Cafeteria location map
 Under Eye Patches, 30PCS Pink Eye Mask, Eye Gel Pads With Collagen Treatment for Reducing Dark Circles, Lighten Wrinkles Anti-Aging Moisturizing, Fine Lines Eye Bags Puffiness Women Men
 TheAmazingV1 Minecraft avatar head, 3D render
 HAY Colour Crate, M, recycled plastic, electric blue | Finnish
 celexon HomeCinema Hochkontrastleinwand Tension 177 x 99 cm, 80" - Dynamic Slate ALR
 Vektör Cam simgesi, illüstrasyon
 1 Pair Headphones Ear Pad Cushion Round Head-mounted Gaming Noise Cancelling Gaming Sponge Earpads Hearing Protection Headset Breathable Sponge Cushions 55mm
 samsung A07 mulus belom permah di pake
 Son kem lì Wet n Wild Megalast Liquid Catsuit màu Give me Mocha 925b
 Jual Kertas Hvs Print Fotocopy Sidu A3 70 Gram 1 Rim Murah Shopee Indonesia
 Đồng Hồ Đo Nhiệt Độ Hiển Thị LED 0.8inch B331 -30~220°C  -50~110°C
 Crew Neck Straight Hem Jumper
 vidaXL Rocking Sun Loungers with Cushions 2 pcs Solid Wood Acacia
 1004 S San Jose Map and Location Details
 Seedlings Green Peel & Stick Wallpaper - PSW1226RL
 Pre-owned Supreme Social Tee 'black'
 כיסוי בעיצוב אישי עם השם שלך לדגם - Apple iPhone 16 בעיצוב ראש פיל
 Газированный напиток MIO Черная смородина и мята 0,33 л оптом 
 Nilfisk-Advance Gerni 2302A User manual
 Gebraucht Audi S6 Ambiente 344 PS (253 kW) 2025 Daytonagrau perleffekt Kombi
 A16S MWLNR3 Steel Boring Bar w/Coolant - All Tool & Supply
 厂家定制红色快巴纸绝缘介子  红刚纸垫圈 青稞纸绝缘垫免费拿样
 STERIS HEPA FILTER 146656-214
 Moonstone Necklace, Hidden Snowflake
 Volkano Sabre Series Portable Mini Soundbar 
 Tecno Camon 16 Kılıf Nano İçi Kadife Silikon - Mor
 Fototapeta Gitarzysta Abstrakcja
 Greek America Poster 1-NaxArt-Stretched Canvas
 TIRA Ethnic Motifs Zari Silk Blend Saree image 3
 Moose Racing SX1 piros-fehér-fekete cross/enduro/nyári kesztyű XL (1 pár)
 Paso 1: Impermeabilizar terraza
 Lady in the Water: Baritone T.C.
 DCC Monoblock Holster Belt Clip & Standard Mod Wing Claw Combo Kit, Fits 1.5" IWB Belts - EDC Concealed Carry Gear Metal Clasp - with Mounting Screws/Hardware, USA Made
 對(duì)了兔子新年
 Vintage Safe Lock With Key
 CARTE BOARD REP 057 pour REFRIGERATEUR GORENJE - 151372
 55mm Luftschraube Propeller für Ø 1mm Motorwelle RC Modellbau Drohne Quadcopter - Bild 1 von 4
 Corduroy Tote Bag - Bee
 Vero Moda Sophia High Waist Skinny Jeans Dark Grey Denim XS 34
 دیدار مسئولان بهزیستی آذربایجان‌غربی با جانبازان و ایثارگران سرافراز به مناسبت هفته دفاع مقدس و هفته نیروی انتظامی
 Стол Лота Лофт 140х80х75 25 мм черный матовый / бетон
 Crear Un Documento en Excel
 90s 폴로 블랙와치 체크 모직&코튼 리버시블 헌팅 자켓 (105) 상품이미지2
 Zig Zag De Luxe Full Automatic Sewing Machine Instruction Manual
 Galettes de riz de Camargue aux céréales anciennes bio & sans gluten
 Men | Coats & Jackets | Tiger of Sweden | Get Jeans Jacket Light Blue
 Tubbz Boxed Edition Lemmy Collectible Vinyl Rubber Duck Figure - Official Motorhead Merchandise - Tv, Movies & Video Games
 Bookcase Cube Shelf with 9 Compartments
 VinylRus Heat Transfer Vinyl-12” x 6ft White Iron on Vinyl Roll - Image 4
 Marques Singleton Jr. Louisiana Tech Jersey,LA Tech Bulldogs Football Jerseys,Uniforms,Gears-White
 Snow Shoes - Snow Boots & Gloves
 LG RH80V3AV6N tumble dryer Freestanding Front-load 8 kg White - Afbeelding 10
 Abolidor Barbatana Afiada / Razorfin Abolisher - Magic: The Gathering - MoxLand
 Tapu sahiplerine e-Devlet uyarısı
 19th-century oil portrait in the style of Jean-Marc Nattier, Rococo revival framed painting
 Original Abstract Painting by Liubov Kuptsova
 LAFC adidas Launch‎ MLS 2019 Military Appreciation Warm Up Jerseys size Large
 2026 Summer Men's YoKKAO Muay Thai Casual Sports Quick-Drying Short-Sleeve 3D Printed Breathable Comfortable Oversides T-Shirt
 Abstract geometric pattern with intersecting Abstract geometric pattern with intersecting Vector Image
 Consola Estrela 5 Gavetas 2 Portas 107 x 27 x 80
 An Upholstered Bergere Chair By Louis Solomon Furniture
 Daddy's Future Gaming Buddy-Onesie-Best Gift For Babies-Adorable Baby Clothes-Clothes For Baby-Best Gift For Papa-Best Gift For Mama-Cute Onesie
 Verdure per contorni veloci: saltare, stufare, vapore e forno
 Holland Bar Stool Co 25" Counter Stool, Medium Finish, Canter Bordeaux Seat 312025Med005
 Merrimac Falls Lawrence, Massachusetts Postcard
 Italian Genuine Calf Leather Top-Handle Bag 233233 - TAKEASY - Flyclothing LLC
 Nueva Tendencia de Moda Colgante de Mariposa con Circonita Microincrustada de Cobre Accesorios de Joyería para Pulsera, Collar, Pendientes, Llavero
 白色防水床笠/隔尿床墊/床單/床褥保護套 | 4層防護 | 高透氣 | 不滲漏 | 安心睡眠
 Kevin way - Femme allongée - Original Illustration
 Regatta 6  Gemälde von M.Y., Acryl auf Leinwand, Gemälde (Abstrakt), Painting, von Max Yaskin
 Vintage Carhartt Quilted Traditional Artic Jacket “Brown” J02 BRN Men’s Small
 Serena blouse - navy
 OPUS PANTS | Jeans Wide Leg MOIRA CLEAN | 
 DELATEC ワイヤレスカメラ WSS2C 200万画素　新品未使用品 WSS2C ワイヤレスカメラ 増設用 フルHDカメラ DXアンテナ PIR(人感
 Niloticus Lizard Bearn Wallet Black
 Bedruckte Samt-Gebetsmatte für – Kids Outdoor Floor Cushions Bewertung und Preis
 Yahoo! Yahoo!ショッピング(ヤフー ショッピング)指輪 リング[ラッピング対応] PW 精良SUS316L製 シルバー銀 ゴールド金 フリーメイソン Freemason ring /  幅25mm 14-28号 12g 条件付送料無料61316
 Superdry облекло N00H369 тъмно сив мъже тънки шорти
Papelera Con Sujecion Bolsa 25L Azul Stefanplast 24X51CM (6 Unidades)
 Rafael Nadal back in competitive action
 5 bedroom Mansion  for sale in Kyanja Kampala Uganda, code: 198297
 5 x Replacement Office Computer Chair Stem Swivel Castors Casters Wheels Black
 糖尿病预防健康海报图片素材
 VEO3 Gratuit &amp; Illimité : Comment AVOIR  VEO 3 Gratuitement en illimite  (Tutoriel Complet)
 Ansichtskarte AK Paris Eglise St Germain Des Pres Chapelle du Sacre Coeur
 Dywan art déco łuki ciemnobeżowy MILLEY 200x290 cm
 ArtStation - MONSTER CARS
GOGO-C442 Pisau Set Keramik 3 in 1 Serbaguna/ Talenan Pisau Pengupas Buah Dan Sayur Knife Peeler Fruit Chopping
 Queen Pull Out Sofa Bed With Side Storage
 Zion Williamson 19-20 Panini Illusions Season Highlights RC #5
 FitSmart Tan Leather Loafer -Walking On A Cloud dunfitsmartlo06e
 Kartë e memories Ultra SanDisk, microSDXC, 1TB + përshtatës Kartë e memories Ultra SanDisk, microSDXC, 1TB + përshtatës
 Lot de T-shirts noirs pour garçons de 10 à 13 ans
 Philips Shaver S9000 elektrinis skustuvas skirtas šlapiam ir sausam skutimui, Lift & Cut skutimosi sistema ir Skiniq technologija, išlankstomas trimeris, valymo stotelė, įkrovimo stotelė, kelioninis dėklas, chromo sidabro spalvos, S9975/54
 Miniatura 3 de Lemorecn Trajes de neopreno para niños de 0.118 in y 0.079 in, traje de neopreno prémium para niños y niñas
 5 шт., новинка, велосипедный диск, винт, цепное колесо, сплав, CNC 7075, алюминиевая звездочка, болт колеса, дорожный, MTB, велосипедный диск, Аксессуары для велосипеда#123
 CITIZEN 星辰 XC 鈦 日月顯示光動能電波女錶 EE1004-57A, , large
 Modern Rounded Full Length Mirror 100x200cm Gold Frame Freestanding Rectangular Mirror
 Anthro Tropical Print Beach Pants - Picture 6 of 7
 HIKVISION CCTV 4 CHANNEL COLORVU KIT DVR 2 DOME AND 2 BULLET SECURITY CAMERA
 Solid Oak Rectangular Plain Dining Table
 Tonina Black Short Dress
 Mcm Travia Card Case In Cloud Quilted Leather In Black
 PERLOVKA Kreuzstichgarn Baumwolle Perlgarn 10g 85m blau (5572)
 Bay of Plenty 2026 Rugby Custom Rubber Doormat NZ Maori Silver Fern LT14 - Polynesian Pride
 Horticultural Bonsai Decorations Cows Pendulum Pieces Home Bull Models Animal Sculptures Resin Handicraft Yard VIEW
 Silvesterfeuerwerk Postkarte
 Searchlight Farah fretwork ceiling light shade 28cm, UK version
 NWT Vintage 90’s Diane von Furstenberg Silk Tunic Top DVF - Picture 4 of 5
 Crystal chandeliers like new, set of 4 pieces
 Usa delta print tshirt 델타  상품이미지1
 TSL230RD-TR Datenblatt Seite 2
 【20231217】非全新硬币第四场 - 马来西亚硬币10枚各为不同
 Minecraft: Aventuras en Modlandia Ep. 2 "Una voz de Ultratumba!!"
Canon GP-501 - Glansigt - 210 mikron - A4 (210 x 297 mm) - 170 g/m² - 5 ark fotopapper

• [YOUR ASSIGNMENT]: Reproduce only the lines above, starting at the line with "Abstract geometric pattern with intersecting Abstract" and ending at the line with "Italian Genuine Calf", exactly as written.

• [YOUR RESPONSE]:
 Abstract geometric pattern with intersecting Abstract geometric pattern with intersecting Vector Image
 Consola Estrela 5 Gavetas 2 Portas 107 x 27 x 80
 An Upholstered Bergere Chair By Louis Solomon Furniture
 Daddy's Future Gaming Buddy-Onesie-Best Gift For Babies-Adorable Baby Clothes-Clothes For Baby-Best Gift For Papa-Best Gift For Mama-Cute Onesie
 Verdure per contorni veloci: saltare, stufare, vapore e forno
 Holland Bar Stool Co 25" Counter Stool, Medium Finish, Canter Bordeaux Seat 312025Med005
 Merrimac Falls Lawrence, Massachusetts Postcard
 Italian Genuine Calf Leather Top-Handle Bag 233233 - TAKEASY - Flyclothing LLC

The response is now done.